SwissCHEESE Robot Car Development

SwissCHEESE Robot Car Development

Hello world! (Cheesy, huh?) As a summer student at CAROBOT Learning and Research Organization, I was tasked with following a modified engineering design process to develop a new car design for the CAROBOT SwissCHEESE Education kits.

Step 1. Identify Needs

The first step in the modified engineering design process is to find the customer’s needs. Through discussion with my superior, I had come up with the following list of needs:

Step 2. Establishing Car Specifications

The next step involved creating a list of metrics that helped us quantify our needs.

Then I came up with a list of marginally accepted and ideal values for our metrics.

By acknowledging the constraints, I could move on to the next step.

Step 3. Generate Product Concepts

Now came the fun part: producing design sketches.

Concept 1 was the idea of a modular car where certain parts could be exchanged for others. An idea with this concept was the use of slide-in feature where the base carrying the Arduino and breadboard could be slid into a frame. However, this idea was later dismissed because sliding parts are prone to wearing out.

Concept 2 was a minimal design with only the core components attached on the base. These core components included 2 motors, the Arduino and SwissCHEESE boards, a breadboard and a caster.

Concept 3 was the opposite of the first concept; instead of keeping the flexibility that comes with using multiple parts, the compartment design only would work with components of similar size. The pro of having such a design would be a more rigid model, where parts must stay in the confines of discrete sections.

Concept 4 was based on a DIY car called the Donkey Car. This design would make the car much sturdier in exchange for more material.

Concept 5 was popular with some of the board members. The concept gives the person assembling it creative freedom to place components where they want to. Furthermore, this is a multi-layer concept. The first layer holds the battery, the second layer holds the microcontroller and other electronics parts, and the last layer for customization.

A final idea was the use of having a sleek-looking car that would have hinges to open the cover. However, the costs would increase because this is a 3D printed design.

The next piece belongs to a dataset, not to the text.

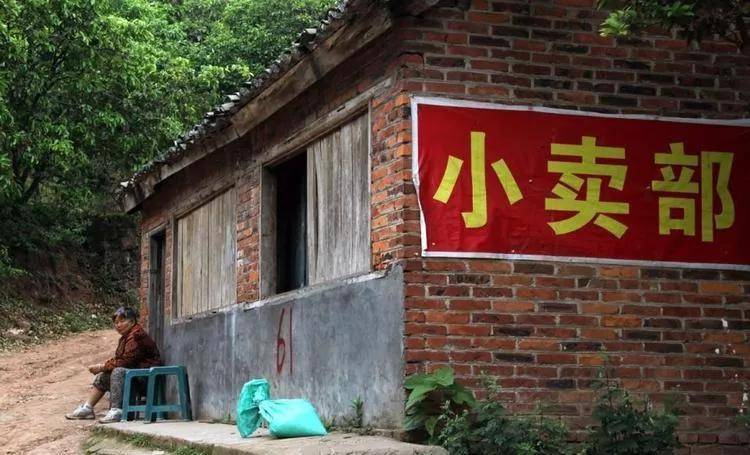 支书说村民有多远滚多远,有本事你告我去_小卖部_报账制_村里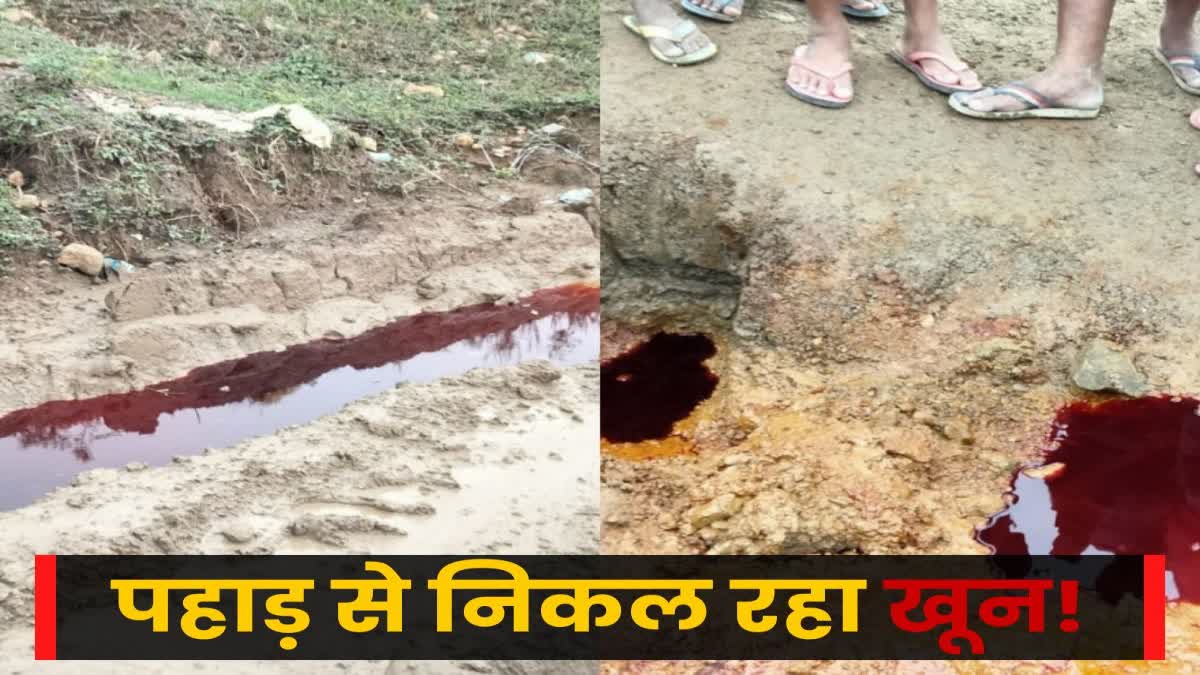 Blood like Red color fluid coming out from Kirtania Balbhadri mountain of Sahibganj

Step 4. Select Product Concepts

I chose concept 2 because of its simplicity, only the base, and two caster attachments needs a laser cutter. Concept 5 was a popular contender, but the hexagonal shape caused the breadboard and battery to jut out at odd angles.

Step 5. Test Product Concepts

For the chosen concept, I designed the parts using Solidworks and Draftsight.

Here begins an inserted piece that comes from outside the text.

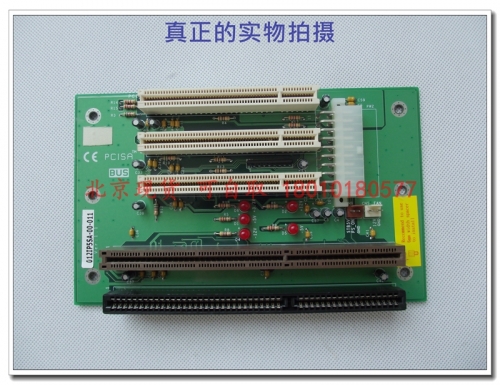 Beijing IP-5SA PCI*3 ISA*1 PCISA*1 spot picture quality is good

Note: The caster is not shown in the diagram below as it was difficult to find a solid model of the specific caster used.

Step 6. Set Final Specifications

From this model, I noted a few weaknesses. The edges were sharp, and although the board looked aesthetically pleasing, the contours on the sides restricted where the user could place the motor attachments. For the last model, I added a servo slot to the base, rounded the edges, and removed the contour on the sides.

Step 7. Economic Analysis

The cost of the new car is much less than that of the earlier one due to less material being used. That is because the earlier model had two layers, compared to one layer for the new model.

Step 8. Assembling the Car

Some of the parts  in the earlier design were no longer needed, and this resulted in assembly time decreasing. The size of the new base board is around the same as the earlier one.